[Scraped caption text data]
◇ ◇ ◇ ◇

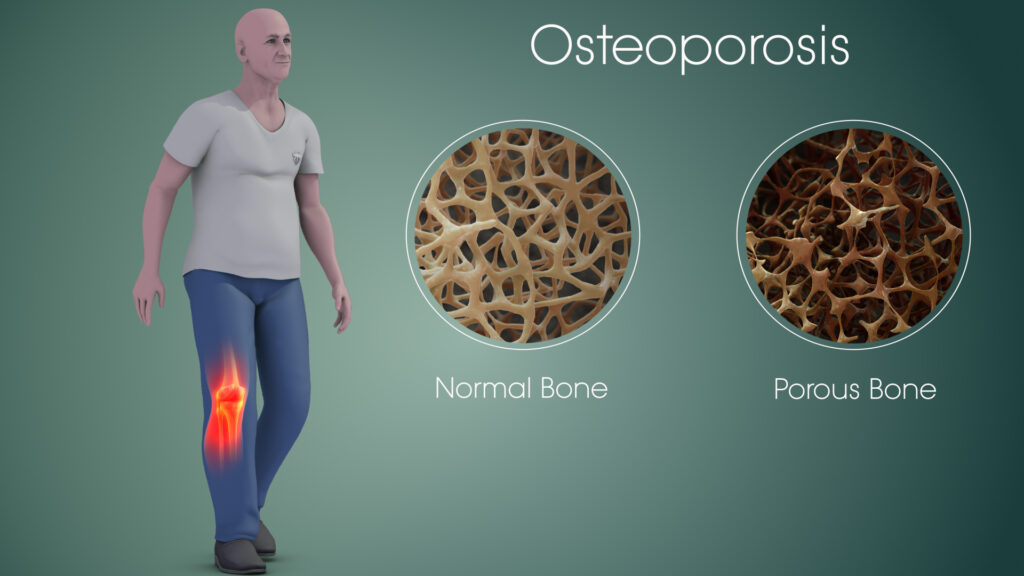 Medical Cannabis Treatment for Osteoporosis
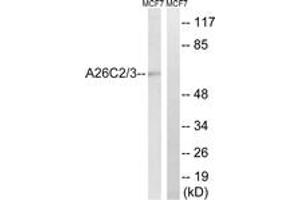 Western blot analysis of extracts from MCF-7 cells, using A26C2/3 Antibody. (A26C2/3 (AA 178-227) anticorps)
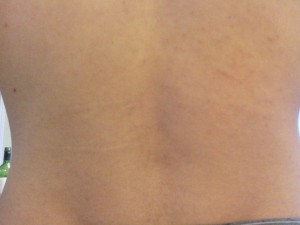 Cicatrices visibles dans le dos de Jeff à gauche de la photo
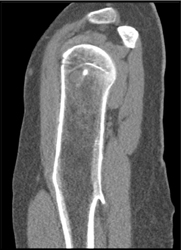 Exostosis - CTisus CT Scan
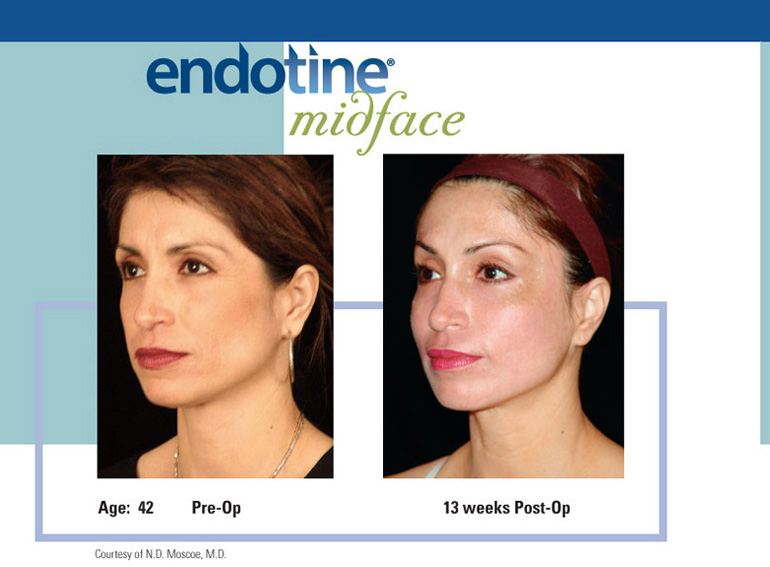 ENDOTINE Midface Before & After 2
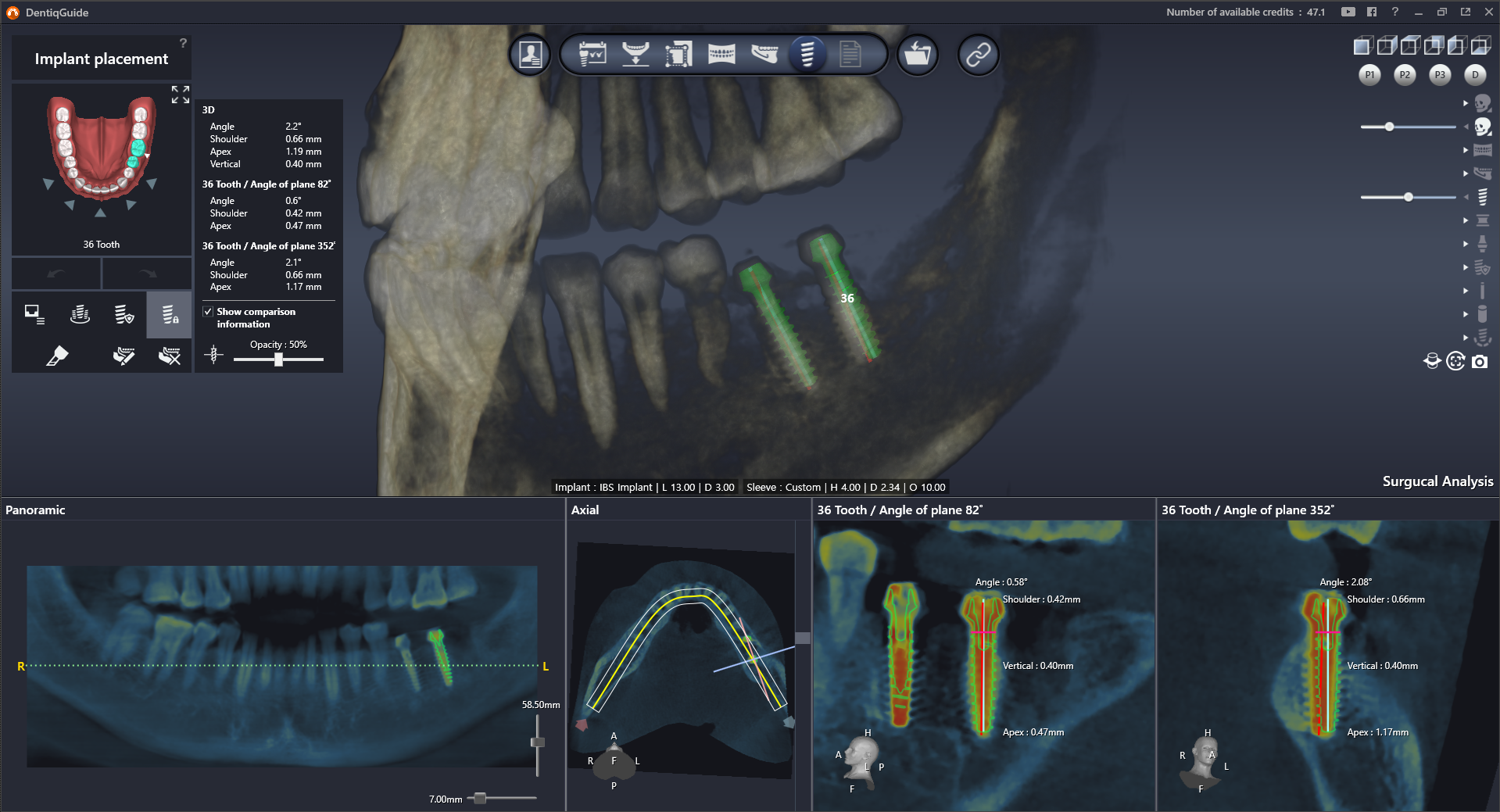 Интерфейс DentiqGuide 4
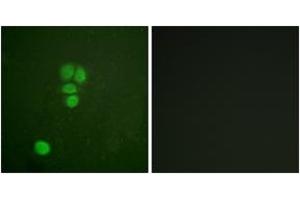 Immunofluorescence analysis of A549 cells, using SOX9 (Ab-181) Antibody. (SOX9 抗体  (AA 147-196))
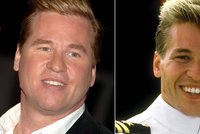 Val Kilmer v nemocnici: Herci objevili velký nádor v krku!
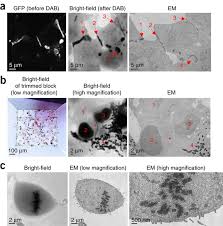 Myocardial perfusion is an imaging test. Electron Microscopy Using The Genetically Encoded Apex2 Tag In Cultured Mammalian Cells Nature Protocols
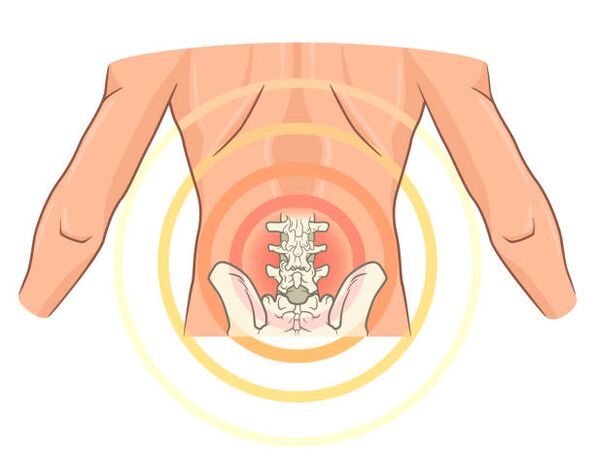 uždegimas kaulų sąnarių pakuotės tepalas su nugaros skausmu ir sąnarių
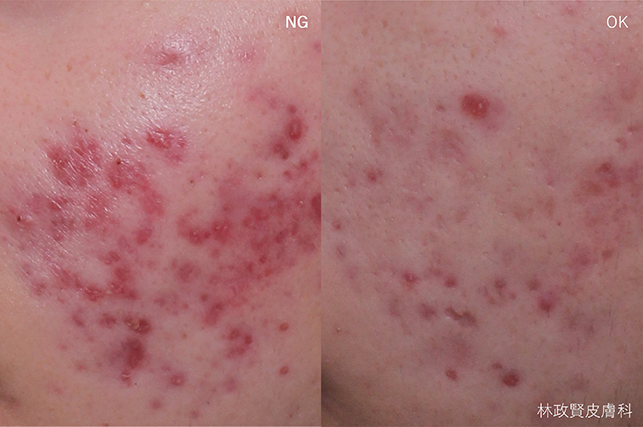 紅痘印的完整攻略:紅色痘疤需要治療嗎?哪種雷射最有效?有省錢便宜高CP值的方法嗎?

◇ ◇ ◇ ◇

Your assignment
Above are the records; copy every one of them exactly and omit the images.

Written response
 Medical Cannabis Treatment for Osteoporosis
 Western blot analysis of extracts from MCF-7 cells, using A26C2/3 Antibody. (A26C2/3 (AA 178-227) anticorps)
 Cicatrices visibles dans le dos de Jeff à gauche de la photo
 Exostosis - CTisus CT Scan
 ENDOTINE Midface Before & After 2
 Интерфейс DentiqGuide 4
 Immunofluorescence analysis of A549 cells, using SOX9 (Ab-181) Antibody. (SOX9 抗体  (AA 147-196))
 Val Kilmer v nemocnici: Herci objevili velký nádor v krku!
 Myocardial perfusion is an imaging test. Electron Microscopy Using The Genetically Encoded Apex2 Tag In Cultured Mammalian Cells Nature Protocols
 uždegimas kaulų sąnarių pakuotės tepalas su nugaros skausmu ir sąnarių
 紅痘印的完整攻略:紅色痘疤需要治療嗎?哪種雷射最有效?有省錢便宜高CP值的方法嗎?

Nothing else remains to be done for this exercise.